Grant Agency Guidelines
- Department of Defense
- Department of Energy
- National Institute of Standards and Technology (NIST)
- National Institutes of Health
- National Science Foundation
- U.S. Department of Transportation
- DMPTool offers agency-specific templates to generate ready-to-use data management plans. Rice is a member, so you can log in using your netid and password.
- Sample Data Management Plan for Depositing Data with ICPSR
- Sample NSF Data Management Plans (UCSD)
- Public Data Management Plans (DMPTool)
Writing a proposal? Need help writing a data management plan? Contact the Research Data Services Team at firstname.lastname@example.org. We will review draft plans.
- Plan. Think in advance about key issues that will affect your research data.
- What types of data will be generated?
- How much data will be collected?
- What data do you need to retain long term?
- Consider creating a data inventory to understand and track your data.
- Choose appropriate file formats. File formats for long term access have these characteristics:
- Open, documented standard
- In common usage by research community
- Use standard character encoding (ASCII, UTF-8)
- Name your files well.
- Be consistent (always use same information and order of information)
- Use unique identifiers (e.g. acronym for project)
- Do not use spaces or special characters (\ / : * ? ” < > |)
- When using dates follow the Date and Time Formats (W3C-DTF) standard (YYYYMMDD[hh][mm][ss])
- To keep track of updated versions, use sequential numbering (v1, v2, etc.) rather than words, such as “Final.”

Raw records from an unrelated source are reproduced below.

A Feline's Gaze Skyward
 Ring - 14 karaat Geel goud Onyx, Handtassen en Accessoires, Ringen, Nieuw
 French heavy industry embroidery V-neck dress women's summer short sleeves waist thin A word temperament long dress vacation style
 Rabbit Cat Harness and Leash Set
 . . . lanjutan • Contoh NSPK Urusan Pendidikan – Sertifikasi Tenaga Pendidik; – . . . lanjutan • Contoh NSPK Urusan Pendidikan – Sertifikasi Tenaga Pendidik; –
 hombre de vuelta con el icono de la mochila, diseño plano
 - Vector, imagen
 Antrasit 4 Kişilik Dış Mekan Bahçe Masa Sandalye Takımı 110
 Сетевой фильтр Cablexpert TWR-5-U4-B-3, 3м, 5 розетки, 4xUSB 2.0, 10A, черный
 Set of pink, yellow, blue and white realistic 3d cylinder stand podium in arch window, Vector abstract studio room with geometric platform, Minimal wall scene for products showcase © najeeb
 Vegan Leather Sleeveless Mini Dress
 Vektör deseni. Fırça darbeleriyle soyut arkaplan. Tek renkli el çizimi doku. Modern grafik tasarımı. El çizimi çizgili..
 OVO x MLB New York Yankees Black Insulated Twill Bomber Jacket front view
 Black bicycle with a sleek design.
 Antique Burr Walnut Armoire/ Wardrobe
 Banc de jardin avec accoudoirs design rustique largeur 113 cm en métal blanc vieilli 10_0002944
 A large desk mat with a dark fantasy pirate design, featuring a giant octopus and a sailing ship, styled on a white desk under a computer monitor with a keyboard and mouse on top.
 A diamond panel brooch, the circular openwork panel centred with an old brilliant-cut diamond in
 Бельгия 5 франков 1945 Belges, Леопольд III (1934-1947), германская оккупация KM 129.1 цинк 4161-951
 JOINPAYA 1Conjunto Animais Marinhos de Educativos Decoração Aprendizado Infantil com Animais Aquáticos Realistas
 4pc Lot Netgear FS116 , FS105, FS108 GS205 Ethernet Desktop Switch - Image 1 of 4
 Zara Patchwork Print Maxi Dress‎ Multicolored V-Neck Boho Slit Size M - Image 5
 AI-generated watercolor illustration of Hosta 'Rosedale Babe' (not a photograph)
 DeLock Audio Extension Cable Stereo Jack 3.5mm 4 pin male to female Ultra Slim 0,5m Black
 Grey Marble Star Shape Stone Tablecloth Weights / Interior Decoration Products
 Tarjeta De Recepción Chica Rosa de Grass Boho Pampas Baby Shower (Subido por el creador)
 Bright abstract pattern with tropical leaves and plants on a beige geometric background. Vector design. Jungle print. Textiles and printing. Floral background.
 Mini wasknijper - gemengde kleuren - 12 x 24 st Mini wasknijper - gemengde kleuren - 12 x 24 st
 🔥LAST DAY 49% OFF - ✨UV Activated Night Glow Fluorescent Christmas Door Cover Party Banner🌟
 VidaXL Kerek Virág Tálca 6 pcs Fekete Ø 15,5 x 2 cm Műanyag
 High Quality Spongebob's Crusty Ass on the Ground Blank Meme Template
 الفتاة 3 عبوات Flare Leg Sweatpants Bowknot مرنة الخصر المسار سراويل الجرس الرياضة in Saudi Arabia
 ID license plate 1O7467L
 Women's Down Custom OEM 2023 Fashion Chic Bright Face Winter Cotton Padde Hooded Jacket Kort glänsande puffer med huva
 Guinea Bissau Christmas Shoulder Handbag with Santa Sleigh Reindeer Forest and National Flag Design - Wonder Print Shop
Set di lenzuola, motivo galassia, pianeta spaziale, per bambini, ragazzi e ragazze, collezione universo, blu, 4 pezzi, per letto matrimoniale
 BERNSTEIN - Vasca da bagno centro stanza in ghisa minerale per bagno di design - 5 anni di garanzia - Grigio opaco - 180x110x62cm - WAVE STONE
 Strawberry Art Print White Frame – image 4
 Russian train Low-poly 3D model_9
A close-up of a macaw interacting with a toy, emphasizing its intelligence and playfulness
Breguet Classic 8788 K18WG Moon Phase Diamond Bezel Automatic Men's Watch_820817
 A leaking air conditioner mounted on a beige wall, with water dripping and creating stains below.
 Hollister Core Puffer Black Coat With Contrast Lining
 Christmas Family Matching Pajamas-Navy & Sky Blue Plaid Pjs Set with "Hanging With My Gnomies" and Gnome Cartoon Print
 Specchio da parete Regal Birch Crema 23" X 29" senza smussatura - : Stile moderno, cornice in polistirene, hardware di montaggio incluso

- Separate ongoing and completed work.
- Before you amass lots of folders and files, it may be useful to separate your original data from that you are currently working on.
- Differentiate between ongoing and completed work.
- Create a copy of your original data and put in a folder named something like “Original.”
- Make multiple back ups in multiple locations.
- Be selective.
- Decide whether/when it is appropriate to delete digital materials and data, based upon standards of your discipline and guidelines of your funding agency.
- Plan this with your colleagues.
- Describe your data.
- Create a data dictionary with a detailed description of your data set or data model.
- Use community based standards when possible; here is a short guide to metadata.
- Include the data collection methods, variable names, codes, algorithms, file formats and software versions, structure of the data files, sources, quality control or related issues, transformations and any issues regarding privacy or confidentiality and use/re-use.
Tools and Methods
The Research Data Services Team can recommend best practices for organizing and naming files, help you develop and implement a plan for managing data, and assist with developing a framework for data documentation.
Options for Storing Your Data
Rice offers researchers several options for storing data, including:
- Box: “enterprise cloud-based storage & collaboration service."
- Research Data Facility: learn more about options through the Center for Research Computing.
As you select an appropriate storage option, consider:
- Ability to share data with collaborators
Best Practices for Data Preservation
“Data often have a longer lifespan than the research project that creates them. Researchers may continue to work on data after funding has ceased, follow-up projects may analyse or add to the data, and data may be re-used by other researchers.” [UK Data Archive]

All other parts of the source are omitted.